The Legal Ground You’re Standing On
New Jersey MCA law: the three facts that shape every option
Every resolution strategy — renegotiation, settlement, defense, refinancing — plays out differently depending on these three pieces of New Jersey law. A firm that can’t speak to them isn’t the best firm for a New Jersey file.
1Usury limits & the recharacterization question
New Jersey's civil usury cap (N.J.S.A. 31:1-1 — 16% maximum contract rate) contains business exceptions broad enough that it rarely protects commercial borrowers. The meaningful backstop is criminal usury (N.J.S.A. 2C:21-19): above 30% per annum is criminally usurious for loans to individuals, above 50% for loans to corporations and LLCs — and charging over 50% is a second-degree crime. MCAs are structured as receivables purchases, but recharacterization risk is very real here: the NJ Attorney General's Yellowstone Capital enforcement alleged that fixed-payment MCAs were effectively loans at rates far above the usury limits, and the resulting consent order required $21.7 million in debt forgiveness. Yellowstone was a New Jersey-based funder — this state is where much of the industry's enforcement history actually happened.
Sources: N.J.S.A. 2C:21-19 (criminal usury — 30%/50%) · N.J.S.A. 31:1-1 (civil usury) · NJ OAG — $27.375M Yellowstone settlement (Jan. 2023)
2Confessions of judgment in New Jersey
Severely restricted in NJ courts New Jersey Court Rule 4:45-1 bars entering judgment by confession on a warrant of attorney contained in a payment instrument except on motion with notice served like a summons, and Rule 4:45-2 requires the creditor to file the original instrument plus an affidavit of true consideration and amount due — eliminating the surprise cognovit judgment MCA funders historically used. The caveat: a confessed judgment validly entered in another state can still be domesticated in New Jersey under full faith and credit. The 2023 Yellowstone consent order also specifically restricted that funder's use of confessions of judgment.
Sources: N.J. Court Rule 4:45 (judgment by confession) · NJ OAG — Yellowstone consent order (COJ restrictions)

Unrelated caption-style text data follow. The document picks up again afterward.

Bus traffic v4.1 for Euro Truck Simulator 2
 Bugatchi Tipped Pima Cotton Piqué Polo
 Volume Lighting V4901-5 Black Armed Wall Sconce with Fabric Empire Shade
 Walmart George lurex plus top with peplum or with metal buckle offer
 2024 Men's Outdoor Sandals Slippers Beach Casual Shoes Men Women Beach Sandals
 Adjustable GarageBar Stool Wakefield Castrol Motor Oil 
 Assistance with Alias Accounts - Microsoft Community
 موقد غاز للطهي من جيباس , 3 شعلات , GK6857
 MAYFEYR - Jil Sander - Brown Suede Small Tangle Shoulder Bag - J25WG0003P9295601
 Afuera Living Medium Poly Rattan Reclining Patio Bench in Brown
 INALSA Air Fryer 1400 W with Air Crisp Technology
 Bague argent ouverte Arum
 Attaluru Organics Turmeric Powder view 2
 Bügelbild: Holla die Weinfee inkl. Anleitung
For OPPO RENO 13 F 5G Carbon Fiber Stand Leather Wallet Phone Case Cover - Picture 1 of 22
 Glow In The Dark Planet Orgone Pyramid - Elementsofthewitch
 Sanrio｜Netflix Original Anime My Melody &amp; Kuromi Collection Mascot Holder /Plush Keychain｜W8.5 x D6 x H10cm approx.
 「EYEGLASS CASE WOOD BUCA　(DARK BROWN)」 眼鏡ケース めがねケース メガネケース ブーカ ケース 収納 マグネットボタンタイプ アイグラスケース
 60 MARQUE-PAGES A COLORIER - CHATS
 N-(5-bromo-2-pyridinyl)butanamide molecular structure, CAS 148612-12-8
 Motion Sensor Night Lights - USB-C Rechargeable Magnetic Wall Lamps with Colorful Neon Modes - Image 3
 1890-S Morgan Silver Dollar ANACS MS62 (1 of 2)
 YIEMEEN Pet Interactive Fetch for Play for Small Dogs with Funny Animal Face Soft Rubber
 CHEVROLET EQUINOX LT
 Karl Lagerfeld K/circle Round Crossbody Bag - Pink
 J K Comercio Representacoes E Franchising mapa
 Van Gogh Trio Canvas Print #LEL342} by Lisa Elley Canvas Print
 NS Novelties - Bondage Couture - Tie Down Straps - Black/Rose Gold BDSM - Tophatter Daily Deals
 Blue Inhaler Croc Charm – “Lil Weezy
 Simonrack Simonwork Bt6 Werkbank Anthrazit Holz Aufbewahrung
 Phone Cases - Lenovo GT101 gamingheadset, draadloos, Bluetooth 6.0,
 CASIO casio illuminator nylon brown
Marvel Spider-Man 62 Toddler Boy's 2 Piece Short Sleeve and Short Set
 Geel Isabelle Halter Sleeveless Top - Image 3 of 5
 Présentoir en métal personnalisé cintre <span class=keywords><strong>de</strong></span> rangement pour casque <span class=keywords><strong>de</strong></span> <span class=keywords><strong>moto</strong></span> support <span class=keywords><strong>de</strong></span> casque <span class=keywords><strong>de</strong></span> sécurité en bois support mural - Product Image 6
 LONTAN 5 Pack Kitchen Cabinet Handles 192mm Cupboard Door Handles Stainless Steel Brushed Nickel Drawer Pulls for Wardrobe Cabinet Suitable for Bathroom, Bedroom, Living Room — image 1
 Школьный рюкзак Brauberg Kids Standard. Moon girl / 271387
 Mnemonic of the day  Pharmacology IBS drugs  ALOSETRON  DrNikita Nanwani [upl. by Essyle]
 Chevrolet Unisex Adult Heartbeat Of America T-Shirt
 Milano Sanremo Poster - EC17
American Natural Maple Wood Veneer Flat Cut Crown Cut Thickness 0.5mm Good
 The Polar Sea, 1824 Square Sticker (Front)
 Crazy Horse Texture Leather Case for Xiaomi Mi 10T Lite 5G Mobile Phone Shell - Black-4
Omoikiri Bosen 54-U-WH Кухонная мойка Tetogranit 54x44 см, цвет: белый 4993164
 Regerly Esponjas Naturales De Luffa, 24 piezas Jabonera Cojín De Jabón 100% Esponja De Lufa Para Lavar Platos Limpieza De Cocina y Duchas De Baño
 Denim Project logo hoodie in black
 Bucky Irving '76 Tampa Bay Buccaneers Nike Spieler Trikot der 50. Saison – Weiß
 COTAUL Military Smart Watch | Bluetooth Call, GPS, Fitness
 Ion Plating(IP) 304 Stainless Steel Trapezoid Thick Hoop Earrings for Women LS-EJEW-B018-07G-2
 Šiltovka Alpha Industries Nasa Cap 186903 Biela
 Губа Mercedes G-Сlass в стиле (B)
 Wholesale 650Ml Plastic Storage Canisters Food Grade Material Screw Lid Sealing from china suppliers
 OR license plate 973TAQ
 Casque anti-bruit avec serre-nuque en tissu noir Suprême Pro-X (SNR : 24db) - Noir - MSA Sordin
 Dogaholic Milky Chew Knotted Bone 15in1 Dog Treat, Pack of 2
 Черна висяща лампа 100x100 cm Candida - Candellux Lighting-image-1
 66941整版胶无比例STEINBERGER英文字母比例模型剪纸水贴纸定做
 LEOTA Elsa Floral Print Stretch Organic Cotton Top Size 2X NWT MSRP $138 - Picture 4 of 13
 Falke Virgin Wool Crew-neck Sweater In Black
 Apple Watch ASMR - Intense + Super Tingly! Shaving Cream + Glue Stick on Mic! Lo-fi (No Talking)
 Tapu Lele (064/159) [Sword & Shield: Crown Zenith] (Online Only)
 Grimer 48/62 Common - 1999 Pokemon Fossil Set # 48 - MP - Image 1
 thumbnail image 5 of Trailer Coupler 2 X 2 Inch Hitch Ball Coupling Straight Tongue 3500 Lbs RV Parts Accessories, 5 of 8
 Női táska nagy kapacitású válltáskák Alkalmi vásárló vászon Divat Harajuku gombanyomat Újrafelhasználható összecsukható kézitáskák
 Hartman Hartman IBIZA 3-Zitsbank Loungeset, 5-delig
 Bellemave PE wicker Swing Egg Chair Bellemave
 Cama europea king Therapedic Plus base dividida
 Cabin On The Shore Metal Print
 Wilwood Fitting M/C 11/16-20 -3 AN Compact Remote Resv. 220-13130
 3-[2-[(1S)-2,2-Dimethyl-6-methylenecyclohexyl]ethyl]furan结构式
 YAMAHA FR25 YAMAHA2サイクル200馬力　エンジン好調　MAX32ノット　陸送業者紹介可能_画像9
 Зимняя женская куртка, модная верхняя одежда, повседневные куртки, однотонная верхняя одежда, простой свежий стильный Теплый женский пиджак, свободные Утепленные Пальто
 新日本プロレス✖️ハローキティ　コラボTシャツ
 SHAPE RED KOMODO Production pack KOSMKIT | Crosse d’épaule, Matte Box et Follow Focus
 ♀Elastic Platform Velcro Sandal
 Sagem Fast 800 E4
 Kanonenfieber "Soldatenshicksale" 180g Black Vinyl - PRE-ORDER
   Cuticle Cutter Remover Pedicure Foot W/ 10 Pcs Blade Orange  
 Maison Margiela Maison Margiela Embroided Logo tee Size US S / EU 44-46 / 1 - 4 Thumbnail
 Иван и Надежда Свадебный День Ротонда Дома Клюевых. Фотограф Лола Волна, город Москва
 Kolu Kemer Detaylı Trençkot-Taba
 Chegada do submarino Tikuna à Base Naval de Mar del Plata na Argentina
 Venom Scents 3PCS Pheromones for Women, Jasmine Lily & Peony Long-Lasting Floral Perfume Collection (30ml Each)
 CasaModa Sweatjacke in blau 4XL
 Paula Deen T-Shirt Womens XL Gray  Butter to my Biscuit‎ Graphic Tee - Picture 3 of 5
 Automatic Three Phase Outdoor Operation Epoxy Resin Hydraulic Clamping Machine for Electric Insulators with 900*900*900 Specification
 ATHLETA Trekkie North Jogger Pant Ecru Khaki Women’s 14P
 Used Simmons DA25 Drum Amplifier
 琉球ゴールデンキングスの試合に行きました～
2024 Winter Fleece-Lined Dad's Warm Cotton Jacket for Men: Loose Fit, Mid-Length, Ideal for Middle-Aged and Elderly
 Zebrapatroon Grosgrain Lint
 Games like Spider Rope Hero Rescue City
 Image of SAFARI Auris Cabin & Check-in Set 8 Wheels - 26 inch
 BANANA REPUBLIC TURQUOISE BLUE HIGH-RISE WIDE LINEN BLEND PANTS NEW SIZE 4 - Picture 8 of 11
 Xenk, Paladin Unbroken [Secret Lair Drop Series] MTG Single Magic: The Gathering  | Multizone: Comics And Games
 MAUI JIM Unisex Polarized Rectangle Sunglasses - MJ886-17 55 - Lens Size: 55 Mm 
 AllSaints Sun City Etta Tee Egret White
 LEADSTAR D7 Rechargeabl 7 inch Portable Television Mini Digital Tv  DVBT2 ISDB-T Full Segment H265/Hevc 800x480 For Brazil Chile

3Commercial financing disclosure: where New Jersey stands
New Jersey has no commercial financing disclosure law in force as of mid-2026 — but it keeps trying. S1760, introduced January 2026, would require providers of sales-based financing to give TILA-style disclosures including finance charge, total repayment amount, payment schedule, fees, prepayment terms, and an estimated APR (exempting banks, transactions over $500,000, and low-volume providers). It follows S233 (2020), S819 (2022), and S1397 (2024), all of which died in committee. Until one passes, New Jersey merchants hold no statutory disclosure rights — notable in the state where Yellowstone was headquartered.
Sources: S1760 bill text (NJ Legislature, 2026) · deBanked — NJ reintroduces APR disclosure bill (Jan. 2026)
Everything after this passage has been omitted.